EX-3.9 8 d367340dex39.htm RESTATED ARTICLES OF INCORPORATION OF CASCADE MEDICAL SUPPLY, INC. Restated Articles of Incorporation of Cascade Medical Supply, Inc.

Exhibit 3.9

RESTATED ARTICLES OF INCORPORATION

OF

CASCADE MEDICAL SUPPLY, INC.

 

 

The undersigned Shareholders, being all the shareholders of the Company, have duly approved, upon recommendation of the Board of Directors, amendments to the Company’s Articles of Incorporation, and hereby Restate the Articles of Incorporation of Cascade Medical Supply, Inc. These Restated Articles of Incorporation shall supersede all previously filed Articles of Incorporation and amendments thereto.
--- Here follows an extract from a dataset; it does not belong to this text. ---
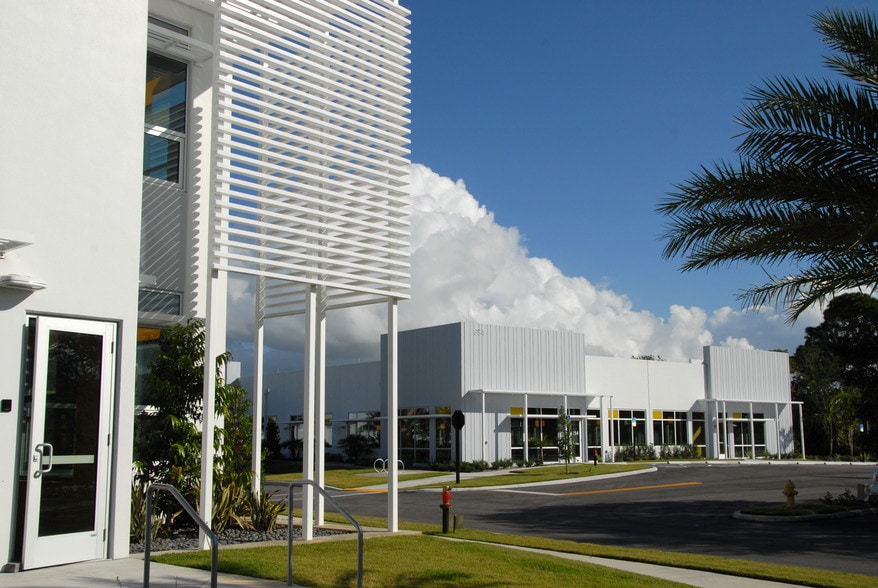 More Photos Of 354 Hiatt Dr, Palm Beach Gardens Office For Lease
The shareholders hereby adopt under the Washington Business Corporation Act (Title 23B RCW), the following Restated Articles of Incorporation for the corporation:

ARTICLE I

NAME

The name of the corporation is CASCADE MEDICAL SUPPLY, INC.

ARTICLE II

DURATION

The period of duration of the corporation shall be perpetual.

ARTICLE III

PURPOSES AND LIMITATIONS

The purpose of the corporation is the transaction of any or all lawful business, trade or activity for which corporations may be incorporated under Title 23B RCW.

ARTICLE IV

POWERS

This corporation shall have the authority to engage in any and all such activities as are incidental or conducive to the attainment of the purposes of the corporation or any of them and to exercise any and all powers authorized or permitted to be done by a corporation under any laws that may be now or hereafter applicable or available to the corporation.

ARTICLE V

AUTHORIZED CAPITAL

The aggregate number of shares which the corporation shall be authorized to issue is fifty thousand (50,000) shares of common stock, and each share shall be without par value.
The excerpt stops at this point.